Die Vorauszahlung ähnelt der Einmalzahlung. Der Unterschied liegt darin, dass öfters vorausgezahlt werden kann. So kann z.B. alle fünf Jahre vorher eine abgezinste Vorauszahlung erfolgen oder aber es erfolgt eine Vorauszahlung über 10 Jahre und die restlichen Jahre wird jeweils jährlich ausgezahlt. Am Beispiel der 10 kW Solaranlage und einer vereinbarten Pacht von 25.- Euro pro kW, erhält der Verpächter alle 5 Jahre hochgerechnet 1.250.- Euro. Da die Summe komplett auf einmal fällig wird, wird dieser Betrag abgezinst. Bei einem Abzinsungsfaktor von 5%, kommen nur noch 1.085.- Euro zur Auszahlung.

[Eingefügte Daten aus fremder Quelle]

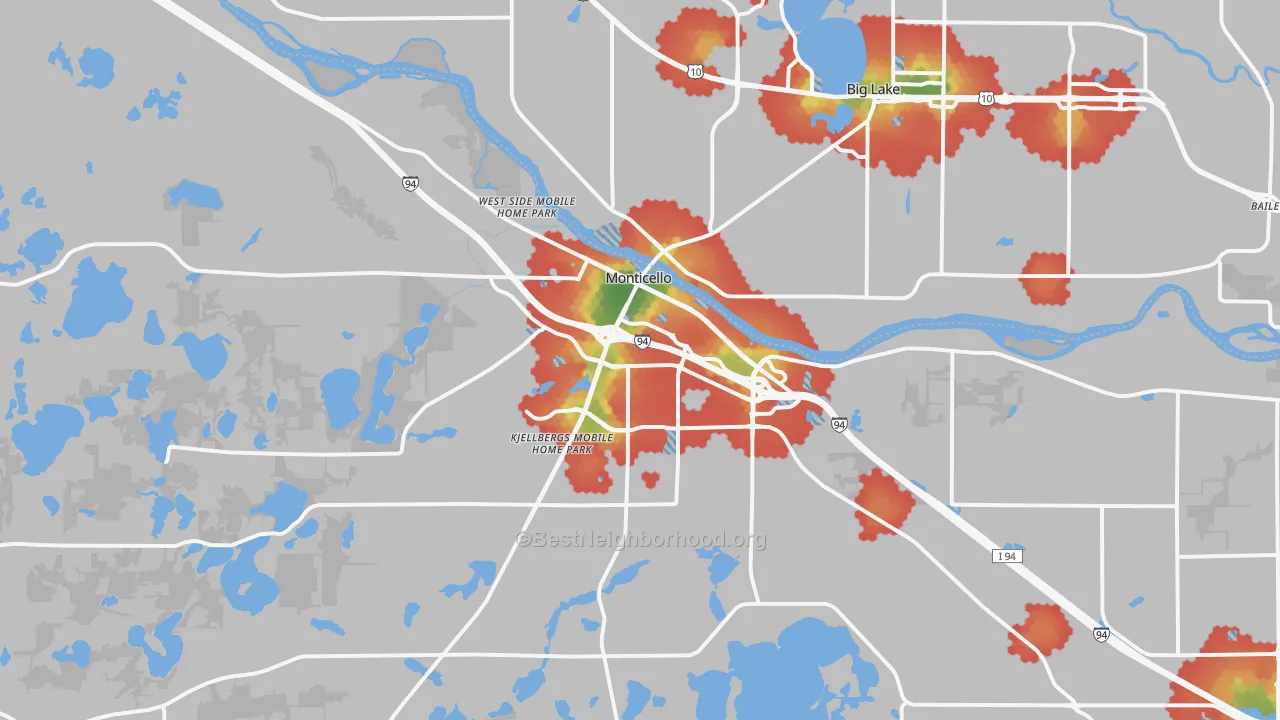 Walk Grade map of 55362, MN, walkable areas in green and car-dependent areas in red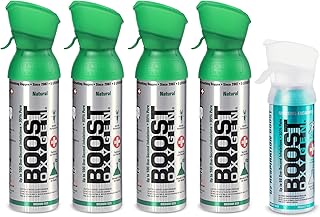 Boost Oxygen Canned 4 Portable 5 Liter Natural Oxygen Canister Bottle with 1 Natural Pocket Sized Pure Canned Oxygen Bottle Canister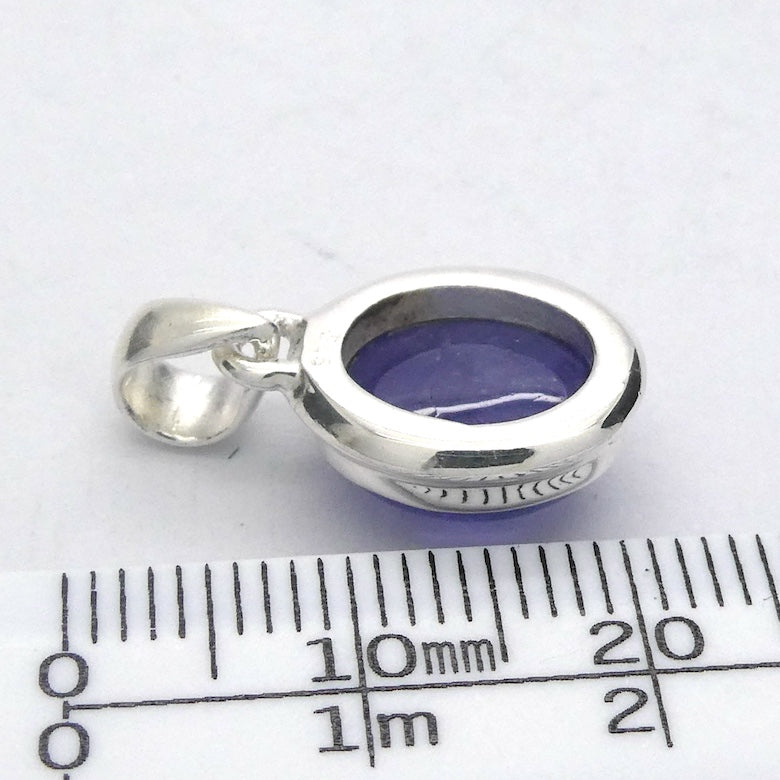 Tanzanite Pendant | Dainty Oval Cabachon | 925 Sterling Silver | Violet blue | Achieve your spiritual potential  | Genuine Gems at Crystal Heart Melbourne est 1986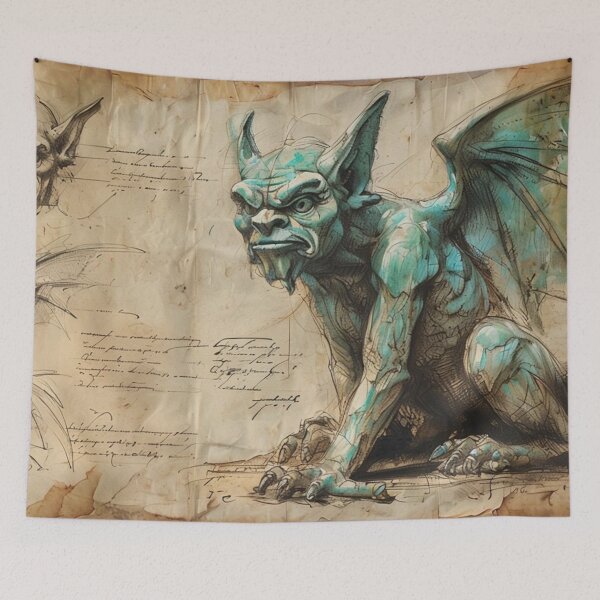 Item preview, Vintage Gargoyle Study – Medieval Stone Creature Illustration designed and sold by Antik by Schulz.
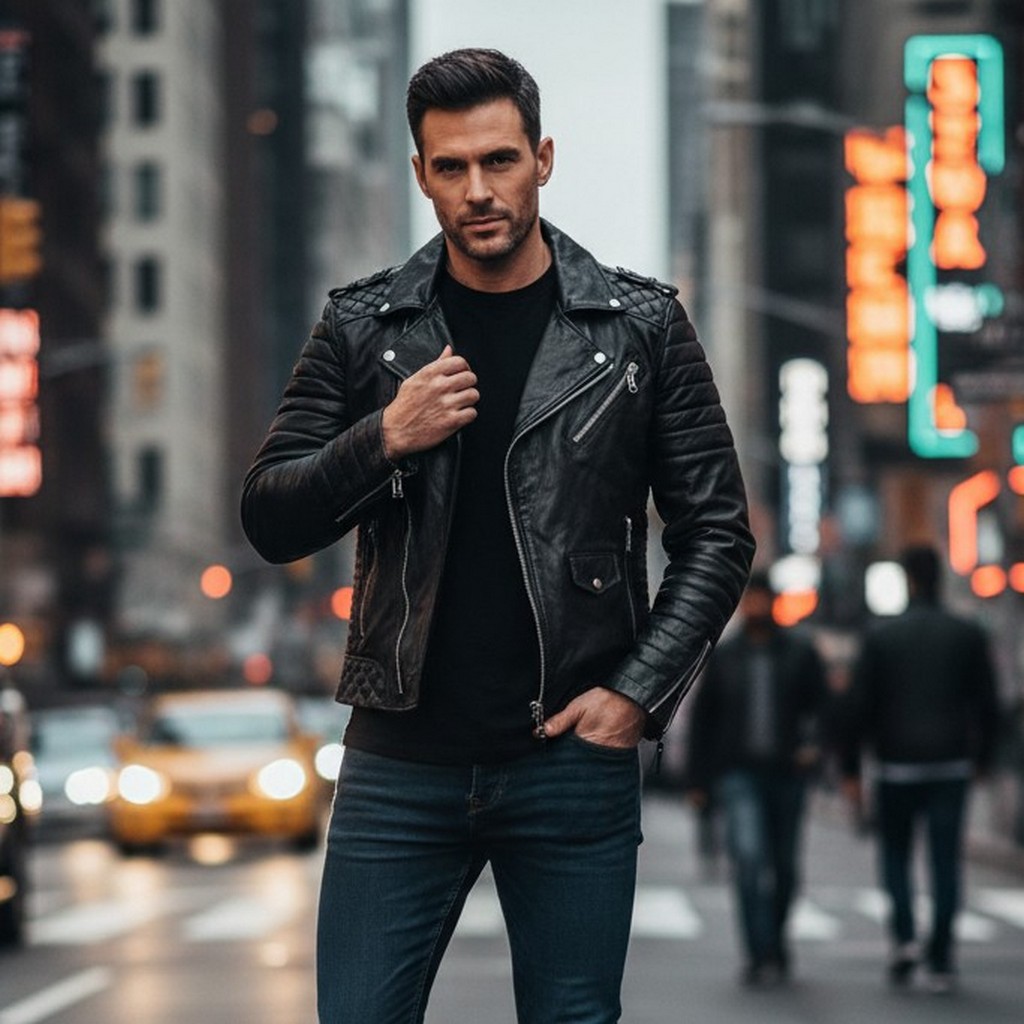 Black Biker Leather Jacket for Men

Vergütungshäufigkeit: Je nach Vereinbarung
Zahlung: Nach Inbetriebnahme der Solaranlage
Vorteile: Pacht in Abschnitten sofort verfügbar/ Kalkulierbare Pachteinnahmen
Nachteile: Hohe Abzinsung (ca. 5-8%), je nach Marktzins

Achtung aber vor Angeboten, in denen Pachtzahlungen von z.B. 160.- Euro pro kW versprochen werden. Bei derartigen Lockangeboten wird oftmals verschwiegen, dass es sich um die Summe der Pacht von 20 Jahren handelt. Umgerechnet erhält der Verpächter jährlich nur noch 8.- Euro pro kW!